Note that some commonly-used HTTP “reverse” proxies will buffer the entire response and/or request; while this is fine in some deployments, it’s important to understand that it’s a serious limitation for others (e.g., serving large files and/or streaming).
9. Don’t Limit Arbitrarily
It’s necessary for all HTTP implementations to limit the resources used by a single request, to avoid various kinds of attacks. However, those limits should be generous; otherwise, you’re limiting the Web itself.
In particular, URIs should be allowed at least 8000 octets, and HTTP headers should have 4000 as an absolute minimum (in practice, header blocks can get much bigger).
All of this should be configurable, of course. We’re discussing the details in HTTPbis, but those numbers should be considered an absolute floor; most implementations will want to exceed them.
10. Cache Correctly
If your proxy implements a cache, it needs to respect the Cache-Control directives that both clients and servers provide. This shouldn’t be hard; HTTP gives considerable latitude to caches, but there are a few inviolate rules, especially regarding private and no-store. If caches don’t listen to sites, sites will find ways to work around bad caches, and everybody loses, so respect the contract that’s implicit in HTTP.
Likewise, proxy caches need to do the right thing with the Date and Age headers. Date should NOT be changed by proxies; doing so messes up the caching model of HTTP in some pretty subtle ways, and Age is necessary to make sure that content isn’t double-cached (see Edith Cohen’s paper for more details).
11. Don’t Transform
If you’re writing a proxy, or deploying something as a proxy (i.e., something that goes to arbitrary Web sites, not just your own), you need to honour
Cache-Control: no-transform, both in requests and responses.
This allows people to tell you not to mess with their stuff, in a nutshell. While it’s tempting to ignore it and insert that ad / transcode that content / do whatever it is you do, if you ignore it, they’ll just find a way to work around you, and again, everybody loses.
12. Bonus: Support Trailers
Finally, while trailers are completely optional in HTTP, and they aren’t widely used to date, there are some interesting use cases for them, such as post-response debugging and tracing. A friendly intermediary will pass them through.
Getting It Right
Whether you’re creating a new proxy or you’re trying to find one to deploy, there are tools to help you. Co-Advisor is a comprehensive test suite for proxies — both with and without caches, and both forward and reverse — that can be used to assess how HTTP conformant a product is. It’s also free for Open Source projects, so there’s no excuse.

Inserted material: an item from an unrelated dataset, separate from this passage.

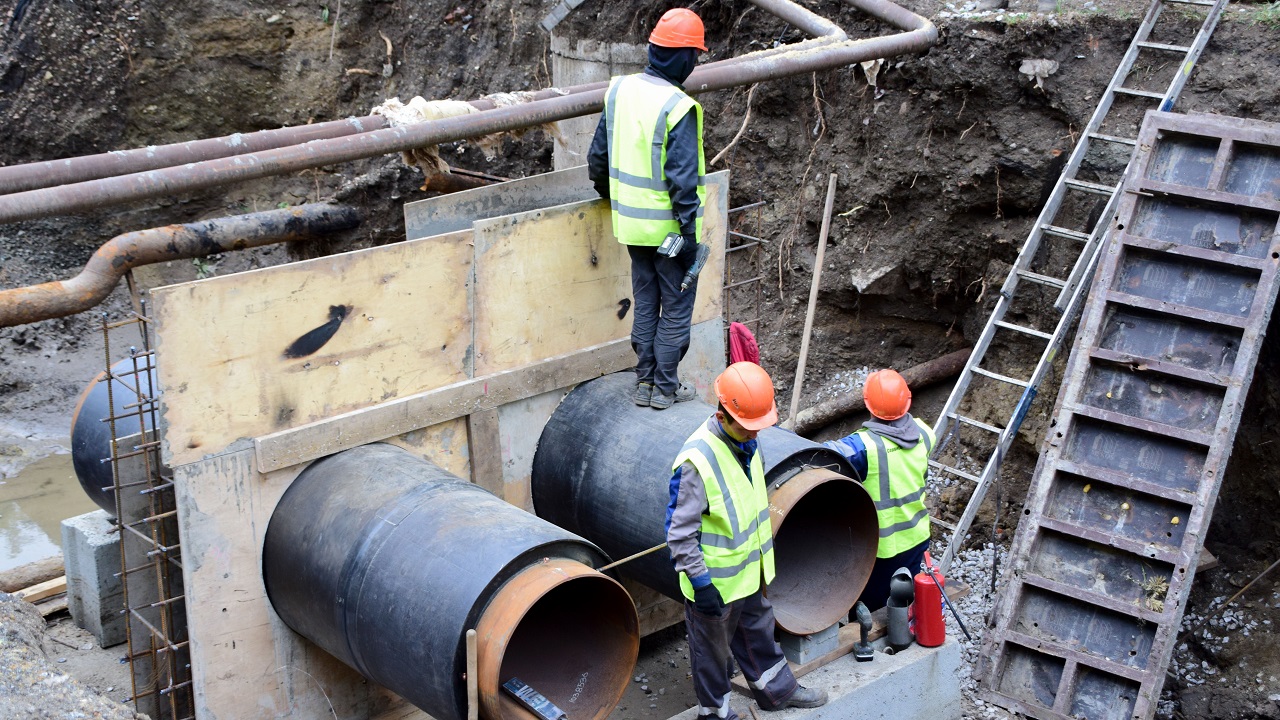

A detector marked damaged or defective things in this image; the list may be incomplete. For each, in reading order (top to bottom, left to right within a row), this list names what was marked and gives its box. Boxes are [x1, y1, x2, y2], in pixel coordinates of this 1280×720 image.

If you run Co-Advisor, remember that perfect conformance isn’t necessary; almost every product will have problems. It’s the big stuff that’s important.
* Proxy is actually a more specific term; it means something that direct requests to all sites, usually with explicit browser configuration. A “reverse proxy” is more correctly known as a gateway, and all of these things are intermediaries. I use proxy here more generically, as that seems to be how people use it casually.
** This isn’t intended to pick just on Polipo, of course; there are many other badly-behaved proxies out there.